Geraldine Higgins

Director of Irish Studies

English

Office: Callaway N212-A

Phone: 404-727-2232

Email: ghiggin@emory.edu

Education

  • B.A., Trinity College, Dublin
  • D.Phil., Trinity College, Oxford

Biography

Geraldine Higgins specializes in twentieth century Irish literature and culture. She joined the Emory faculty in 1996 after completing a D.Phil. at Trinity College, Oxford and a B.A. in English and History at Trinity College, Dublin. In 2014, she was awarded the Massee-Martin/NEH Distinguished Teaching Chair for the term of 2014-2018.

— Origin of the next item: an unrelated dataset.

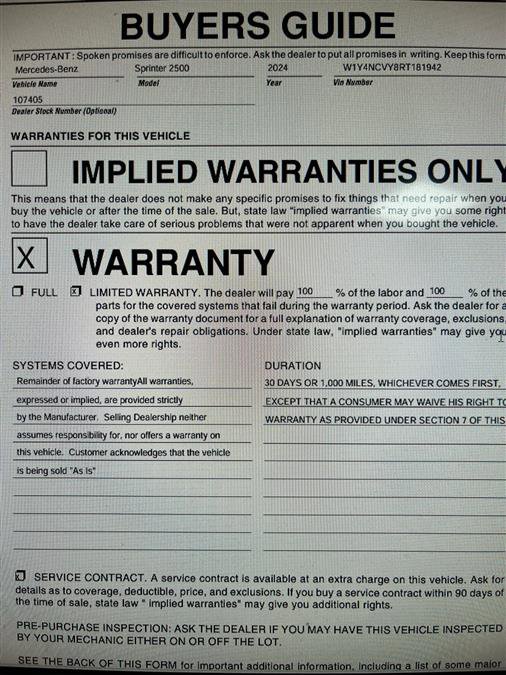 Used 2024 Mercedes-Benz Sprinter 2500 image 8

Her two books and selected articles address the troubled connections between art and the representation of violence, the poet and the polis, tradition and modernity. Heroic Revivals from Carlyle to Yeats (Palgrave) examines the work of Carlyle, O'Grady, Russell (AE), Synge and Yeats, reassessing the aesthetic and political dimensions of the Revival's heroic ideal and its implications for the construction of Irish modernity. Her second book, Brian Friel (Northcote House), is a critical study of Ireland's most influential and important living playwright. This study of Friel places his work within the context of the Irish dramatic tradition and examines his position as a writer from the north of Ireland negotiating between the responsibilities of art and the demands of violent conflict. Higgins also writes about representations of Irishness in popular culture such as “The Quotable Yeats: Modified in the guts of the living” and “Tara, the O’Haras and the Irish Gone with the Wind.”

Professor Higgins is Director of Irish Studies at Emory and the curator of the acclaimed exhibition “Seamus Heaney: The Music of What Happens” showing at the Woodruff Library from February-November 2014. In 2016-2017, she will assume the directorship of the Yeats International Summer School in Sligo, Ireland.